--- INFORMATION SUPPLIED Enclosed Below ---

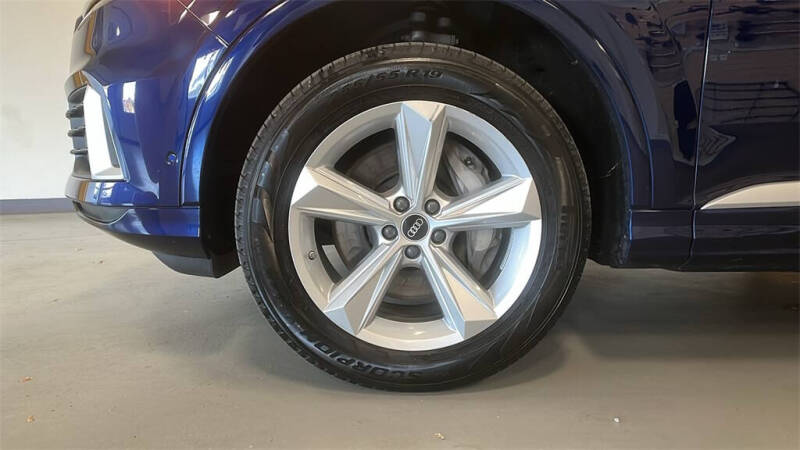 2022 Audi Q7 quattro Premium Plus 45 TFSI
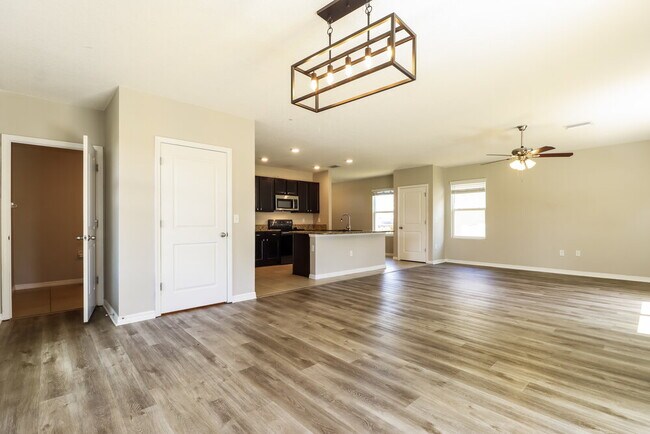 Foto del edificio - 10988 Carlton Fields Dr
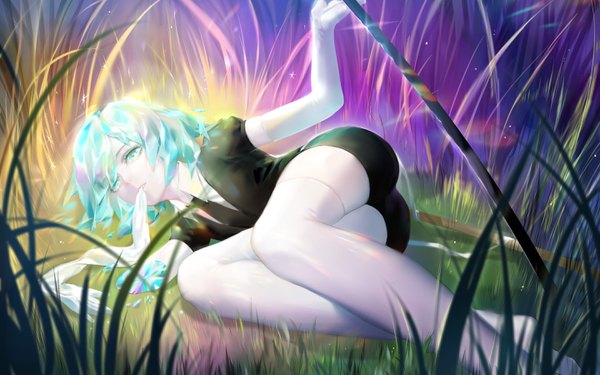 Anime picture 2880x1800 with houseki no kuni diamond (houseki no kuni) qidai single highres short hair holding lying aqua eyes aqua hair mouth hold on side androgynous amputee glove in mouth thighhighs gloves uniform weapon plant (plants)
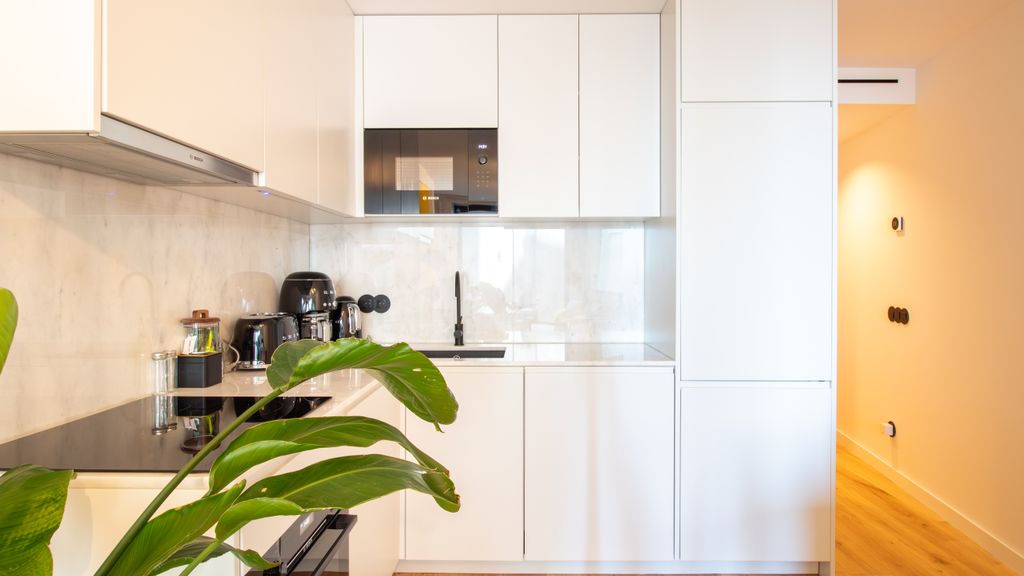 EDiTiON 309 - Beachfront Loft by LovelyStay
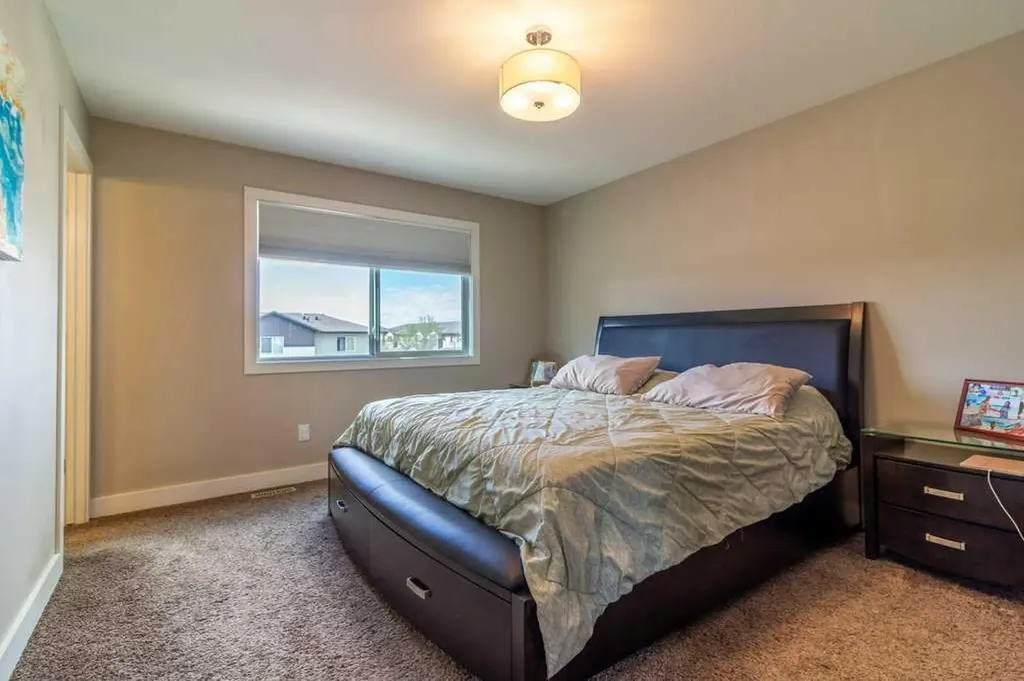 679 Keystone Chase W Lethbridge AB T1J5G2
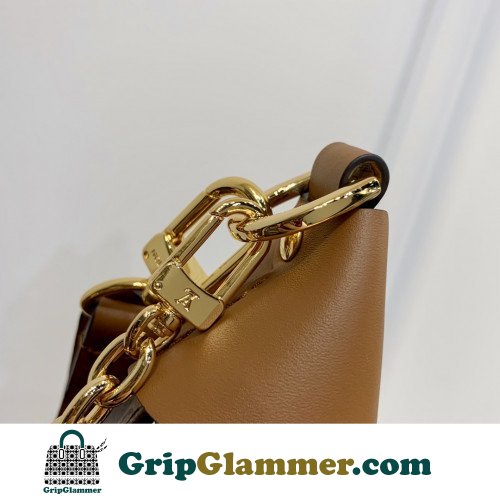 Louis Vuitton Tote - Image 3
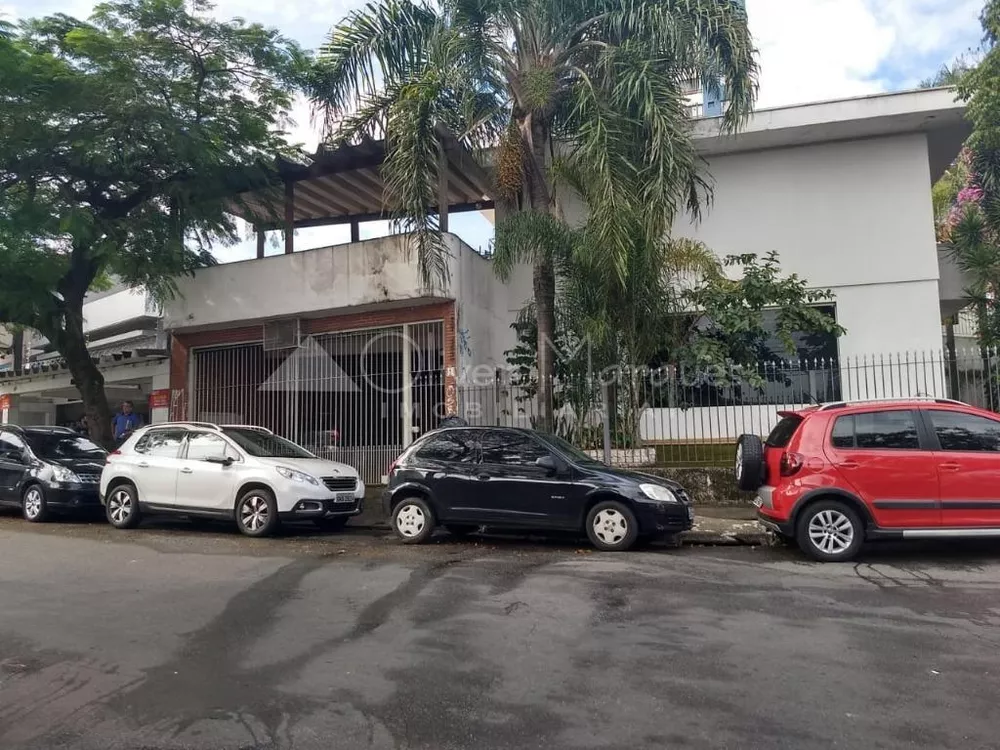 Sobrado para alugar com 4 quartos, 379m² - Foto 2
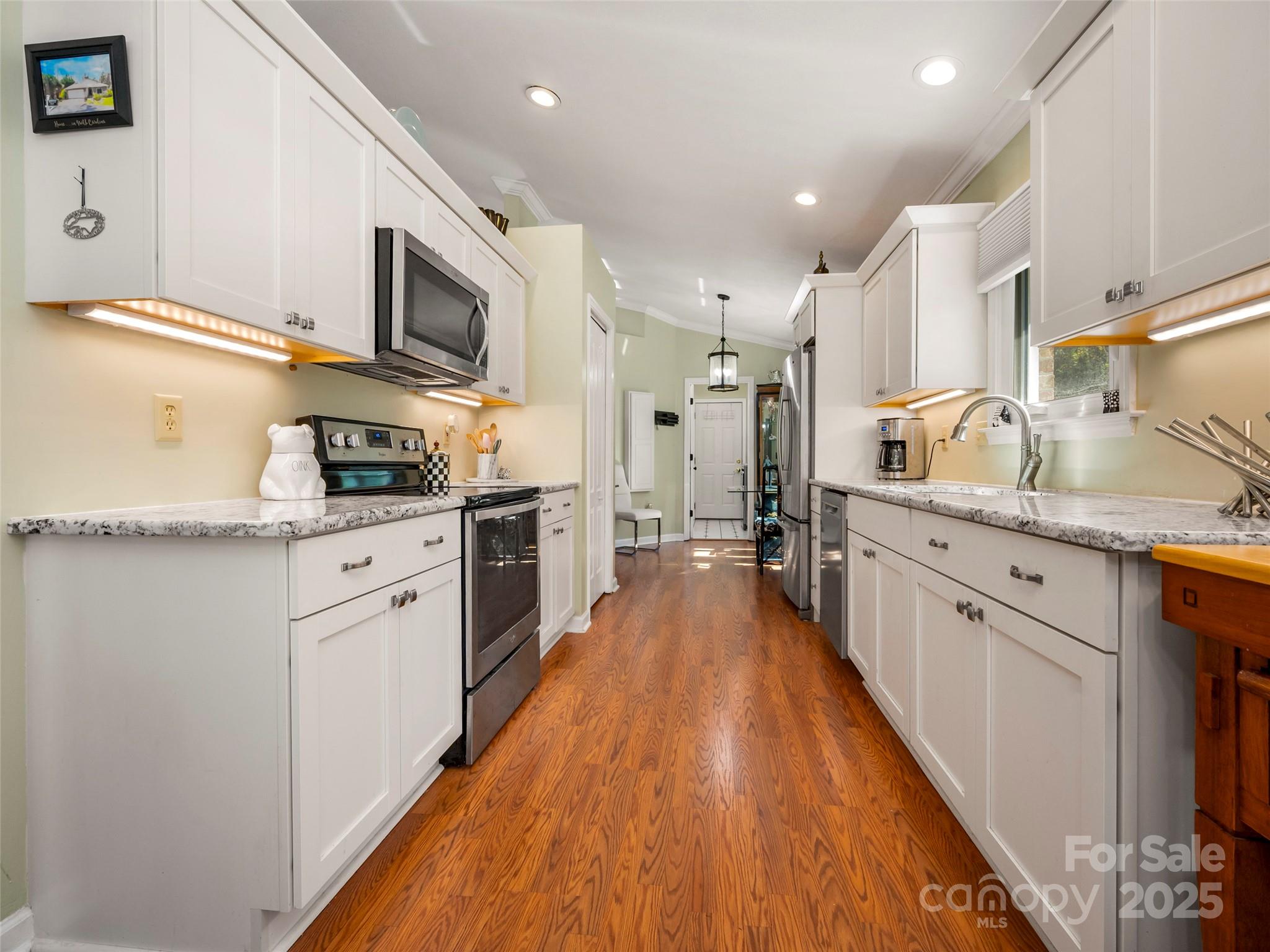 949 Kanuga Road Hendersonville, NC 28739 - Photo 23 of 45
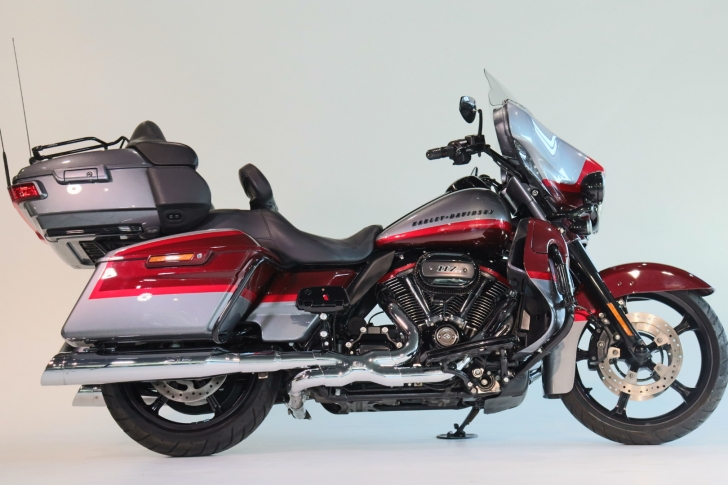 Harley-Davidson CVO FLHKSE ELECTRA GLIDE ULTRA LIMITED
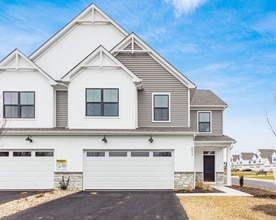 6073 Miranda Ln in Westerville, OH - Building Photo - Building Photo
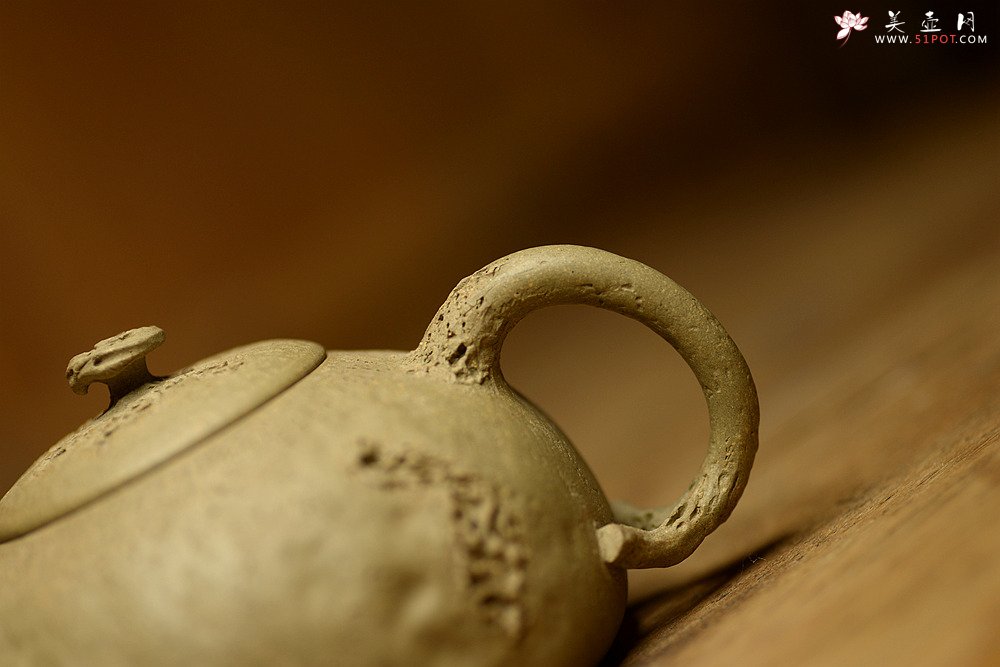 紫砂壶图片：肌理丰富 拙味~ 全手薄胎龚春 ~沧桑质感 - 宜兴紫砂壶网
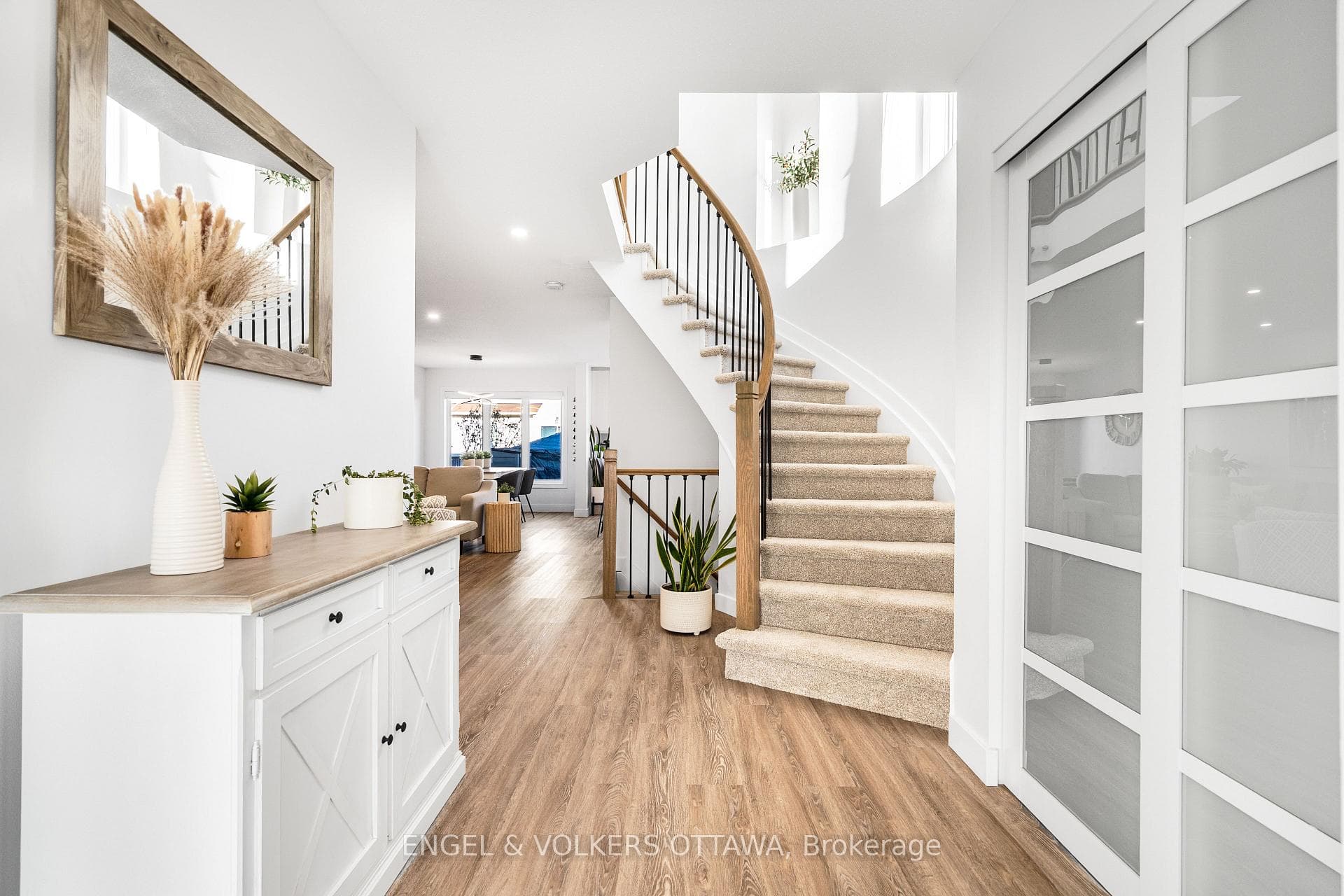 506 Allegro Way photo 4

--- End of Enclosed INFORMATION SUPPLIED ---

**EXERCISE:** Retype every entry exactly, but keep the pictures out of your copy.

**SOLUTION BELOW:**
 2022 Audi Q7 quattro Premium Plus 45 TFSI
 Foto del edificio - 10988 Carlton Fields Dr
 Anime picture 2880x1800 with houseki no kuni diamond (houseki no kuni) qidai single highres short hair holding lying aqua eyes aqua hair mouth hold on side androgynous amputee glove in mouth thighhighs gloves uniform weapon plant (plants)
 EDiTiON 309 - Beachfront Loft by LovelyStay
 679 Keystone Chase W Lethbridge AB T1J5G2
 Louis Vuitton Tote - Image 3
 Sobrado para alugar com 4 quartos, 379m² - Foto 2
 949 Kanuga Road Hendersonville, NC 28739 - Photo 23 of 45
 Harley-Davidson CVO FLHKSE ELECTRA GLIDE ULTRA LIMITED
 6073 Miranda Ln in Westerville, OH - Building Photo - Building Photo
 紫砂壶图片：肌理丰富 拙味~ 全手薄胎龚春 ~沧桑质感 - 宜兴紫砂壶网
 506 Allegro Way photo 4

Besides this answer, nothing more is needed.